Only one span of the listing below should come back. It runs from the line with "Brothers in Arms" through the line with "Nailhead, Tufted Back", and each of its lines must be reproduced exactly.

### RECORD EXCERPTS:
----------
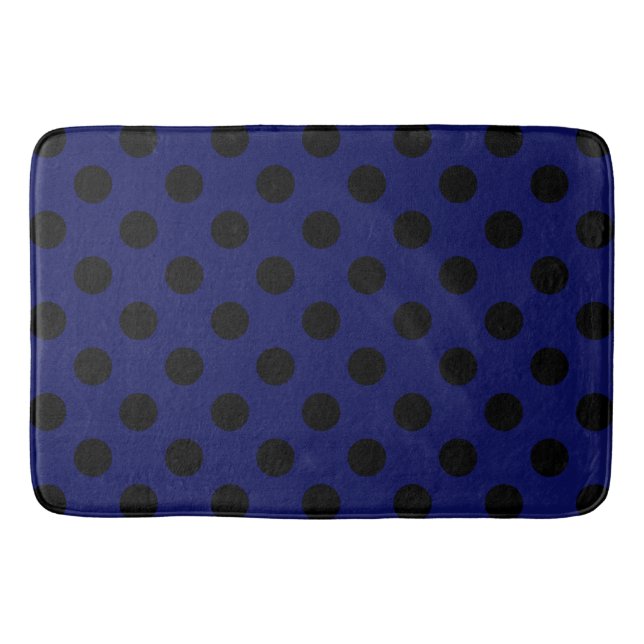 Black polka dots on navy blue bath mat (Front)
----------
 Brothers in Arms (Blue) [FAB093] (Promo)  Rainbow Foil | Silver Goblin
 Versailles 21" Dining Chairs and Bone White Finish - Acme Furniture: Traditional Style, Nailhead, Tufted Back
----------
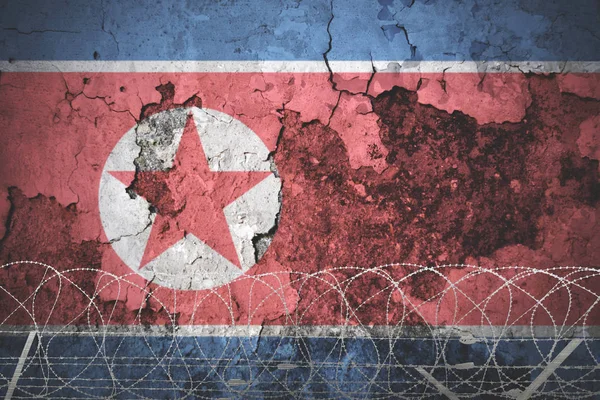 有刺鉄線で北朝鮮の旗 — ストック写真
----------
### COMPLETED EXERCISE:
 Brothers in Arms (Blue) [FAB093] (Promo)  Rainbow Foil | Silver Goblin
 Versailles 21" Dining Chairs and Bone White Finish - Acme Furniture: Traditional Style, Nailhead, Tufted Back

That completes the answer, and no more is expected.